»»

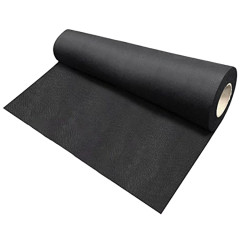 Geotextlia netkan 1x25m ierna
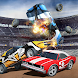 Derby Racing Car Crash Games - Androidアプリ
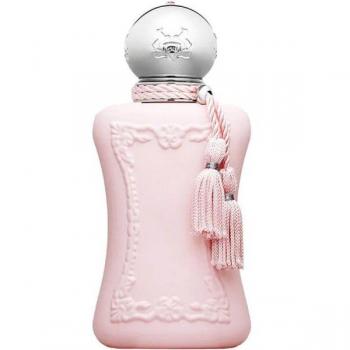 Parfums de Marly Delina Eau de Parfum Spray 30ml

««

• [WHAT THE EXERCISE ASKS]
Working from the listing above, retype it exactly but include no images.

• [YOUR RESPONSE]
 Geotextlia netkan 1x25m ierna
 Derby Racing Car Crash Games - Androidアプリ
 Parfums de Marly Delina Eau de Parfum Spray 30ml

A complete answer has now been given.